»»

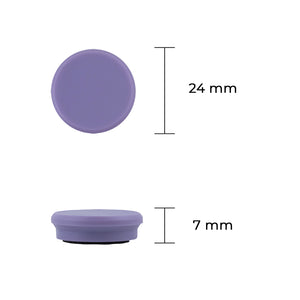 Magnetset 24 mm, 6-tlg., Morandi, 9826-А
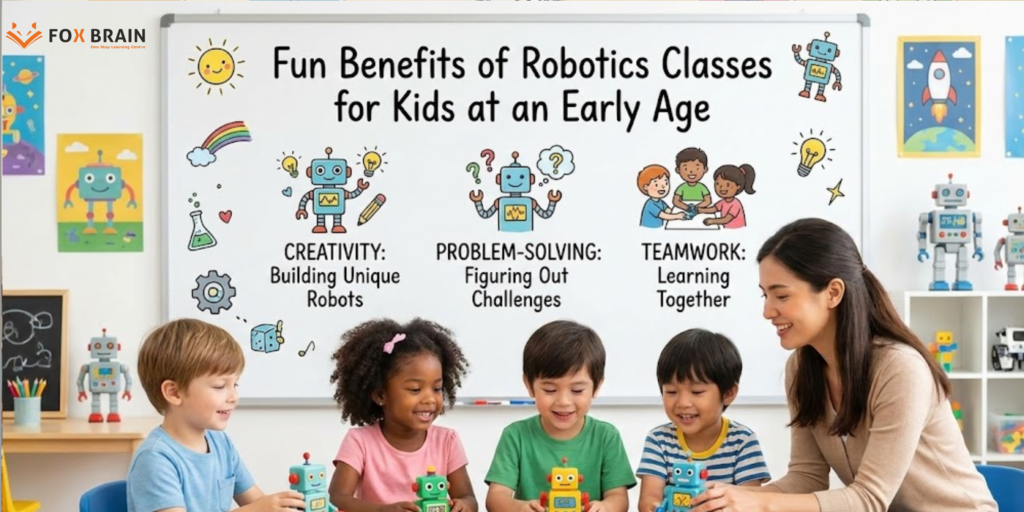 Robotics Classes for Kids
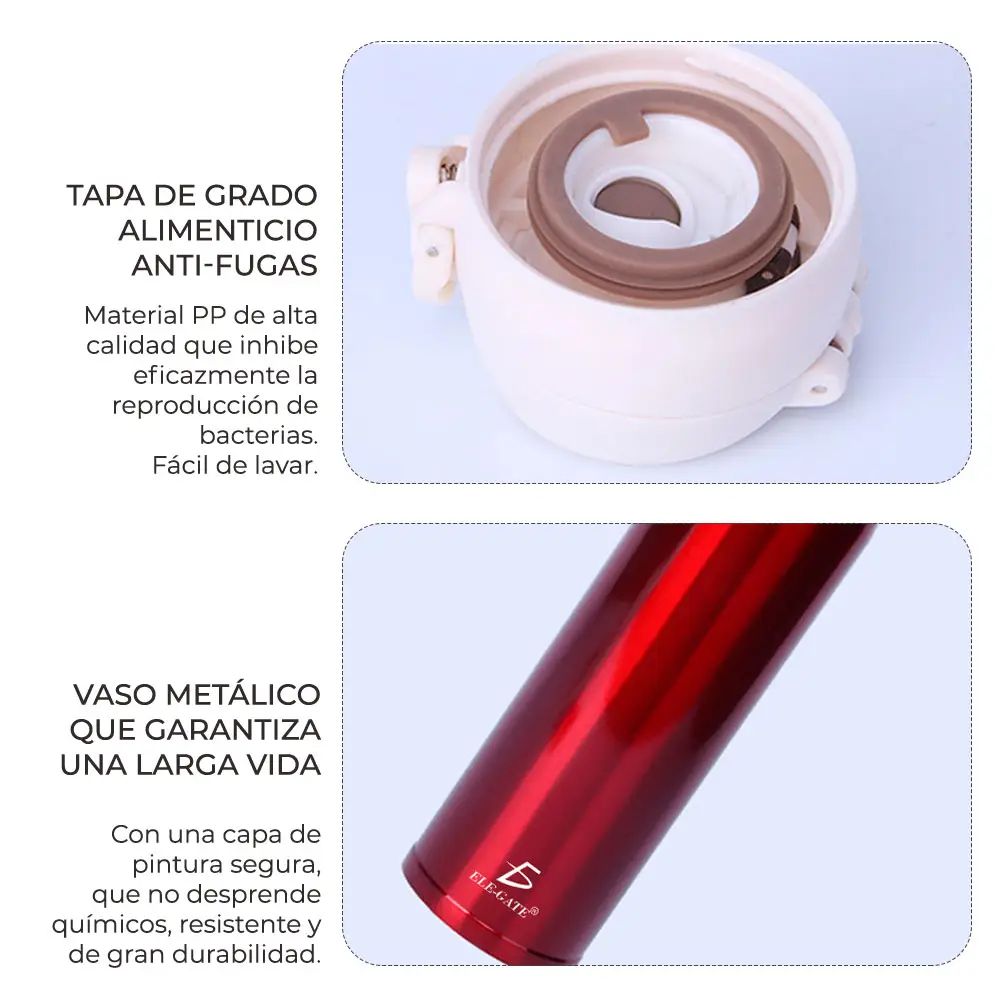Vaso Termo Acero Inoxidable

««

Without any pictures, print the whole listing again exactly as it stands.

→ Task solution:
 Magnetset 24 mm, 6-tlg., Morandi, 9826-А
 Robotics Classes for Kids
Vaso Termo Acero Inoxidable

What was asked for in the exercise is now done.